A motion to dismiss is not a responsive pleading because motions are not pleadings. Muti v. Chuuk Public Utilities Corp., 23 FSM R. 374, 377 (Chk. 2021).
Rule 15(a) permits the plaintiffs to amend their complaint without seeking leave of court, and as a matter of course, against any defendant who has not yet answered. Muti v. Chuuk Public Utilities Corp., 23 FSM R. 374, 377 (Chk. 2021).
Although the court must first look to FSM sources of law, when an FSM court has not previously construed an FSM civil procedure rule which is identical or similar to a U.S. counterpart, it may look to U.S. sources for guidance in interpreting the rule. Muti v. Chuuk Public Utilities Corp., 23 FSM R. 374, 377 n.1 (Chk. 2021).
If the case has more than one defendant, and not all have filed responsive pleadings, the plaintiff may amend the complaint as a matter of course with regard to those defendants that have yet to answer. Muti v. Chuuk Public Utilities Corp., 23 FSM R. 374, 377 (Chk. 2021).

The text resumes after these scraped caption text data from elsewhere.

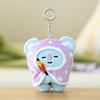 BT21 KOYA Campfire Blanket Doll Keyring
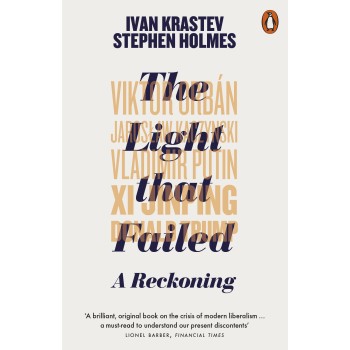 PENGUIN ORANGE SPINES : THE LIGHT THAT FAILED : A RECKONING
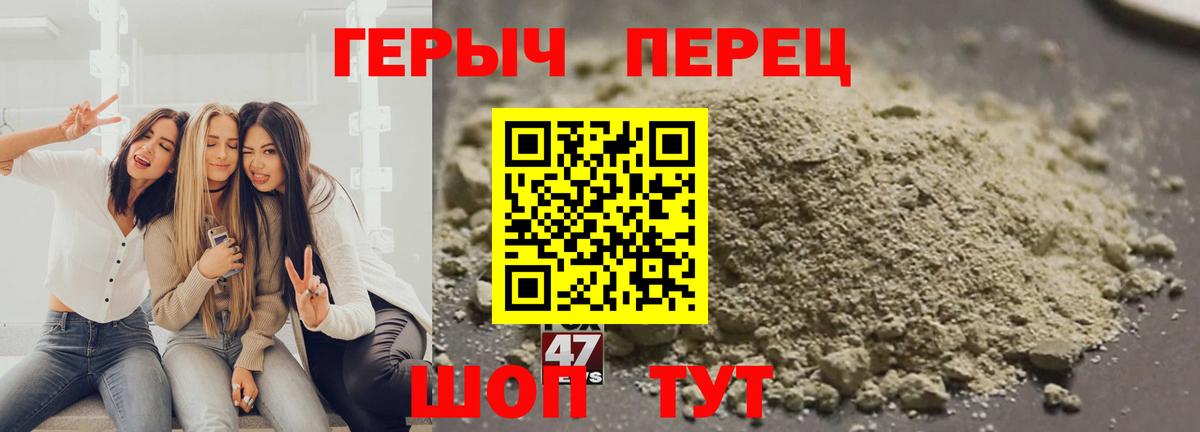 Героин хмурый  Вход с VPN  Богданович 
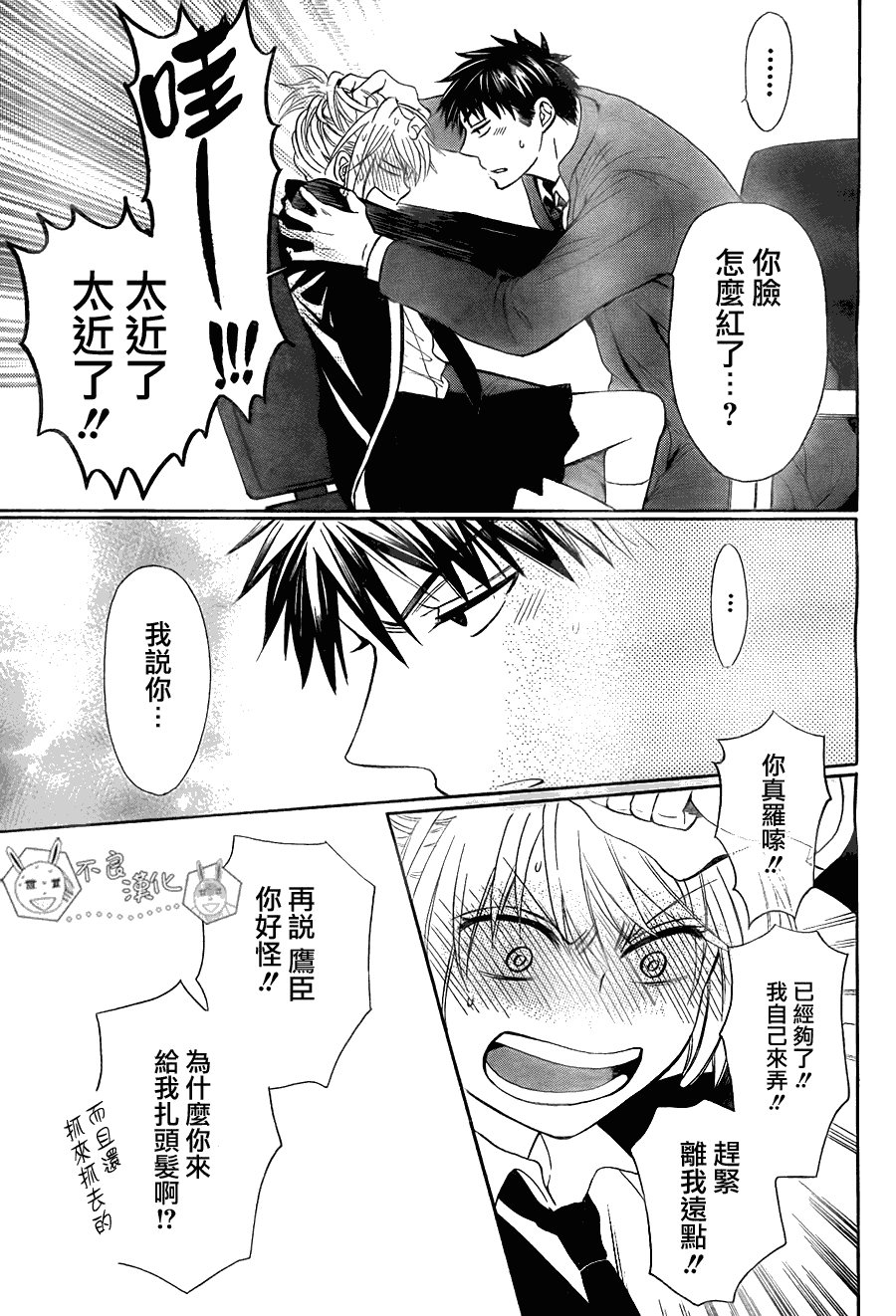 《王样老师》漫画最新章节第55话免费下拉式在线观看章节第【10】张图片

When a defendant did not file an answer before the plaintiffs filed their amended complaint, that defendant cannot have the plaintiffs' amended complaint stricken even though the defendant's co-defendant had already filed an answer. The plaintiffs could amend their complaint against the movant defendant as a matter of course and without leave of court. Muti v. Chuuk Public Utilities Corp., 23 FSM R. 374, 377 (Chk. 2021).
When a claim asserted by a plaintiff is against a number of defendants jointly liable for their combined conduct or acts, that to such a claim "a responsive pleading" is not served until all of the defendants have answered the claim, not just some of them. In respect to such claims of joint liability, the plaintiff can serve an amended complaint as of right. Muti v. Chuuk Public Utilities Corp., 23 FSM R. 374, 377 (Chk. 2021).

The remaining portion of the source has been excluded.